▶ _HOW TO COMPLETE THIS TASK_:
Copy exactly the line containing "Die Zwillinge warteten" and all the lines that follow it to the end of the records, minus the pictures.

▶ _DATASET EXCERPTS_:

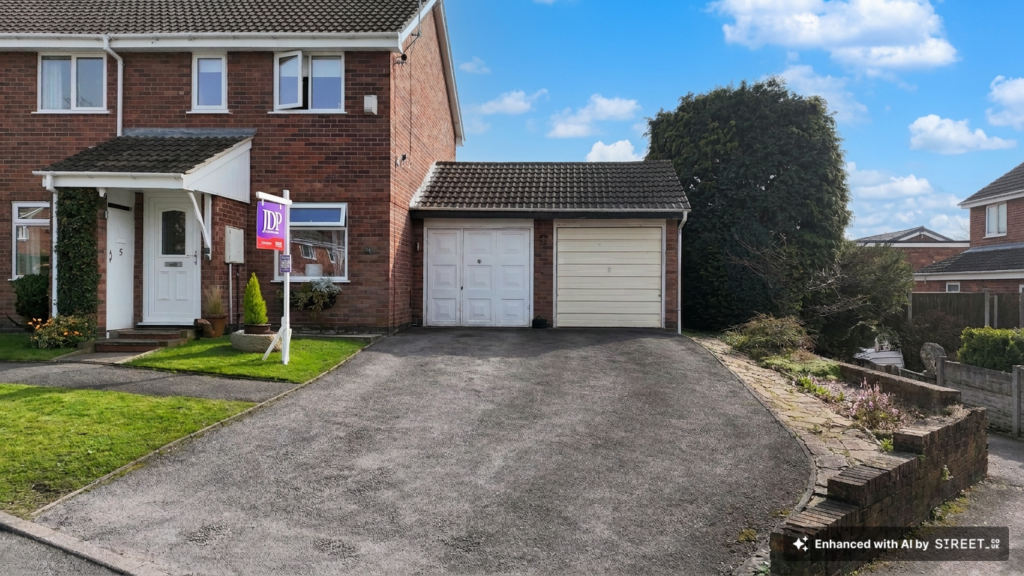 Crompton Grove, Stoke-On-Trent, ST4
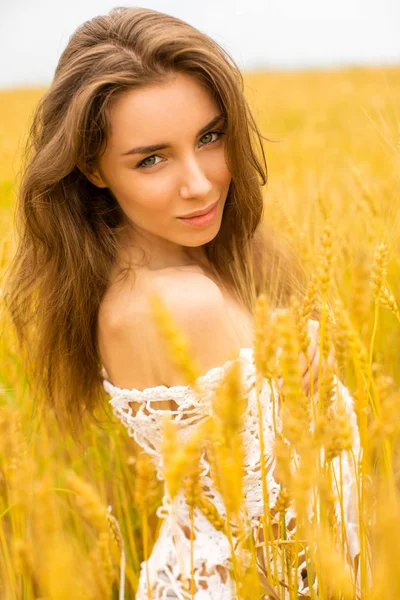 Брюнетка на пшеничном поле — стоковое фото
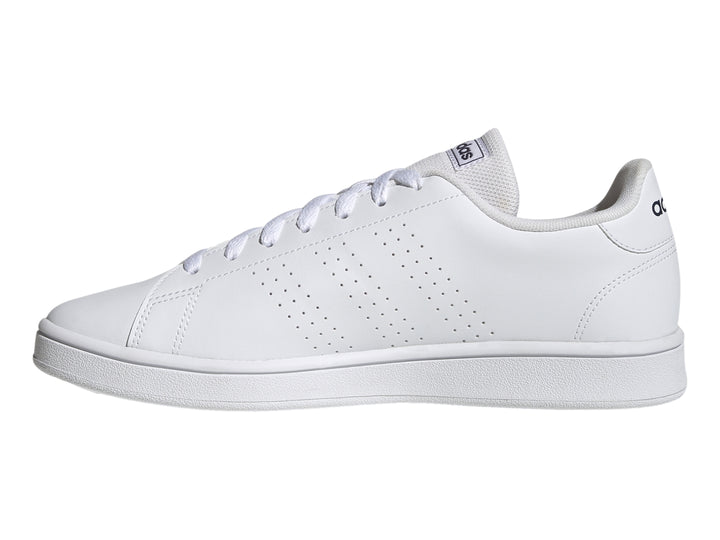 Tenis Adidas Advantage Base color blanco con detalles perforados y suela plana.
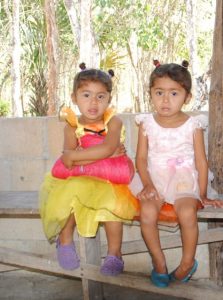 Die Zwillinge warteten mit ihrer Mutter lange, bis einer der Ärzte Zeit für sie hatte. Denn es herrschte viel Andrang in El Porvenir.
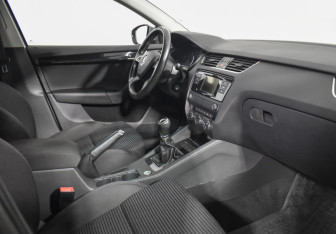 Подержанный автомобиль Skoda Octavia Liftback 2015 года (12 фото)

▶ _COMPLETED EXERCISE_:
 Die Zwillinge warteten mit ihrer Mutter lange, bis einer der Ärzte Zeit für sie hatte. Denn es herrschte viel Andrang in El Porvenir.
 Подержанный автомобиль Skoda Octavia Liftback 2015 года (12 фото)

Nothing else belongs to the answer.